Something I’ve noticed in recent months is a shift on the part of anti-virus manufacturers to push out software that will protect the user from phishing attacks. This is just bad marketing, and foolish. Nothing can protect the individual from phishing attacks than their own wariness and savvy. To suggest tools can will just give people a false sense of security. Examples like this SunTrust case prove the point, which I’ve banged on about for nearly a year now, that phishing is a war of escalating technology and that pushing out some feeble toolbar and suggesting it will protect the user from all such attacks is irresponsible, and thoroughly underestimates the scale of the problem and the kind of adversary we face.

Phishing And The Future Of Banking

Could phishing kill off online banking?
Probably not, but it’s likely to force greater regulation by central banks and others which will, reckon British-based Internet security consultants mi2g, mean “the next generation of electronic banking may have to rely on deeper layers of authentication that couple passwords with biometric security and smart card authentication.”
Mi2g estimate there have been 110 unique incidents of phishing — identity theft by faked emails and/or keyboard-logging viruses — in less than a year. Here’s an abbreviated list:
  • USA (7 banks; 82 incidents)
  • UK (6 banks; 8 incidents)
  • Australia & New Zealand (5 banks; 16 incidents)
  • Canada (2 banks; 2 incidents)
  • Spain (1 bank; 1 incident)
  • Hong Kong and Singapore (1 bank; 1 incident)
  • Latvia (1 bank; 1 incident)

I have to say I think that’s an underestimate. And it’s not quite clear from mi2g’s release as to whether these are successful attempts, or just attempts. Given banks’ reluctance to admit to breaches, I’d guess it’s the latter. And mi2g point out that it’s not just banks that have been attacked: The Federal Bureau of Investigation (FBI) to eCommerce/information portals and their associated payment systems have all been hit. Mi2g counts 90 unique attacks on eBay.
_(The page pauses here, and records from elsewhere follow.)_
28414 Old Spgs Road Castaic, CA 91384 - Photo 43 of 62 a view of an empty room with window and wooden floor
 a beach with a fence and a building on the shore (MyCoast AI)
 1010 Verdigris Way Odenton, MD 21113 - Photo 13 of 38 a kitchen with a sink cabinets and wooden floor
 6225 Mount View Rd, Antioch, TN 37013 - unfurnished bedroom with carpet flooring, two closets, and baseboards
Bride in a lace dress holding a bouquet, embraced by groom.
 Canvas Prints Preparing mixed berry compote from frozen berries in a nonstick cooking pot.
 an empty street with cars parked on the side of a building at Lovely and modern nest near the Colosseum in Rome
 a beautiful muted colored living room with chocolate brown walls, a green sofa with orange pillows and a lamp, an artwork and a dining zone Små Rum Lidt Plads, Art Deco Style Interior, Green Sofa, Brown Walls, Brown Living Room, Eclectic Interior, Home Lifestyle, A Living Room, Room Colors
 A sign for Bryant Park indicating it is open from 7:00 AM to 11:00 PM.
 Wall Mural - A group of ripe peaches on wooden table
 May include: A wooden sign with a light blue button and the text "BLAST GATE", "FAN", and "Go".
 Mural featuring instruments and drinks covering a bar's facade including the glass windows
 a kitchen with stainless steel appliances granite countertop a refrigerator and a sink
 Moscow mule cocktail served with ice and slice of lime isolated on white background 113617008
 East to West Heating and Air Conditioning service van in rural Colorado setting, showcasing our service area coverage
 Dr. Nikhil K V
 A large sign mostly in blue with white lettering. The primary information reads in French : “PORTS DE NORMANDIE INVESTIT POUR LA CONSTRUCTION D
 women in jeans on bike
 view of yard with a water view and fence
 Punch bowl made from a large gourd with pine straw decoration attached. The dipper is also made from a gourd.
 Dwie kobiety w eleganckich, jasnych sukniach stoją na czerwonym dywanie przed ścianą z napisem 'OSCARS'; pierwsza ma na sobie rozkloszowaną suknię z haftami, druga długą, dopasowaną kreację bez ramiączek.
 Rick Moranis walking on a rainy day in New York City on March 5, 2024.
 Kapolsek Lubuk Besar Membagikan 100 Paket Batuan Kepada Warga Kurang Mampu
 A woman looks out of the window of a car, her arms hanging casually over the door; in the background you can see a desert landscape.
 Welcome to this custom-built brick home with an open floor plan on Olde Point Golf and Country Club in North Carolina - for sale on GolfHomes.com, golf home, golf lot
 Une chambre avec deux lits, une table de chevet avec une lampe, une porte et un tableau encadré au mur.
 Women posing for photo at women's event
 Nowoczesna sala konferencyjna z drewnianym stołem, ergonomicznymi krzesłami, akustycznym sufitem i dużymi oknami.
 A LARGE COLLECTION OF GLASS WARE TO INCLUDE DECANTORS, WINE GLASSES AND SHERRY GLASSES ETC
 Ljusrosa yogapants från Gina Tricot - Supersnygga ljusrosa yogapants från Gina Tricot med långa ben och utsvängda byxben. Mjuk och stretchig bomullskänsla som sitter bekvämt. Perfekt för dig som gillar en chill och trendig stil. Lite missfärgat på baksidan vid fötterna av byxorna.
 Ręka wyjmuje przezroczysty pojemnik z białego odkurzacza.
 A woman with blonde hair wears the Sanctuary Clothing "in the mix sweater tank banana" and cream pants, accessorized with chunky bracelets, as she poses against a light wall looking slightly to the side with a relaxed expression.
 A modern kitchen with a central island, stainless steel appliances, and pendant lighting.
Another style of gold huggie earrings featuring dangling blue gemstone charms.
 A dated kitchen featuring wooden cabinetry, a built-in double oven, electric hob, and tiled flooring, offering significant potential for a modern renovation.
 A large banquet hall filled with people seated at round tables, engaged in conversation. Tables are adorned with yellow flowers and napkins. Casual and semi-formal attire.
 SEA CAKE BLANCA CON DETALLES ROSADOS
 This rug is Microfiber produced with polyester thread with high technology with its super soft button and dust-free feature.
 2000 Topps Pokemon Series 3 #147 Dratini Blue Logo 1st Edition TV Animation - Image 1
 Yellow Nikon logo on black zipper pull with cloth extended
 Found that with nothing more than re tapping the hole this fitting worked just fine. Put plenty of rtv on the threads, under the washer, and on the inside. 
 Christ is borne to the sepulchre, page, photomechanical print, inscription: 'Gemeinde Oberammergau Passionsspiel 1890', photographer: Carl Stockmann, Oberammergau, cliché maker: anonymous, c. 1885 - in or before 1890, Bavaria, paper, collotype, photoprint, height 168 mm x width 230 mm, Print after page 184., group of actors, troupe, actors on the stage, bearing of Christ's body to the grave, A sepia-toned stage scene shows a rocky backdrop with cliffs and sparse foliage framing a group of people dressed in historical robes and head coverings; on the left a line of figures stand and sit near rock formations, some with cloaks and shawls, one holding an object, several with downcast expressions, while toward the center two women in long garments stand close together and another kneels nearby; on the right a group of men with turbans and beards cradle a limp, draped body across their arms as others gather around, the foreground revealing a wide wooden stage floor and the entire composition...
Mi2g say such attacks are getting more, rather than less, successful: “Phishing scams’ success rate has risen from 0.1% on average to 0.5% in the last six months as the techniques have become more sophisticated,” it says.  This would mean thousands of victims and big headaches for banks: “In some instances the genuine web site has to be made inoperable for several hours or even days whilst the targeted bank investigates the extent of the financial fraud and related losses,” says mi2g. 
Claims by mi2g have not always been taken seriously, particularly their estimates of damage. In this case, mi2g reckon that “worldwide economic damage for 2003 from phishing scams is estimated to have been between US $13.5 billion and $16.4 billion… The damage for 2004 has already crossed $8.9 billion in the first two months of the year. ” I know they have some sort of formula for this, but as others have pointed out, these estimates seem to be more designed for grabbing headlines than serious analysis.

That said, phishing is a problem, and I would agree that online banking is going to have to add layers of security to avoid more breaches. But will customers accept that? If online banking gets too fiddly, will folk just give up? Or switch to something else?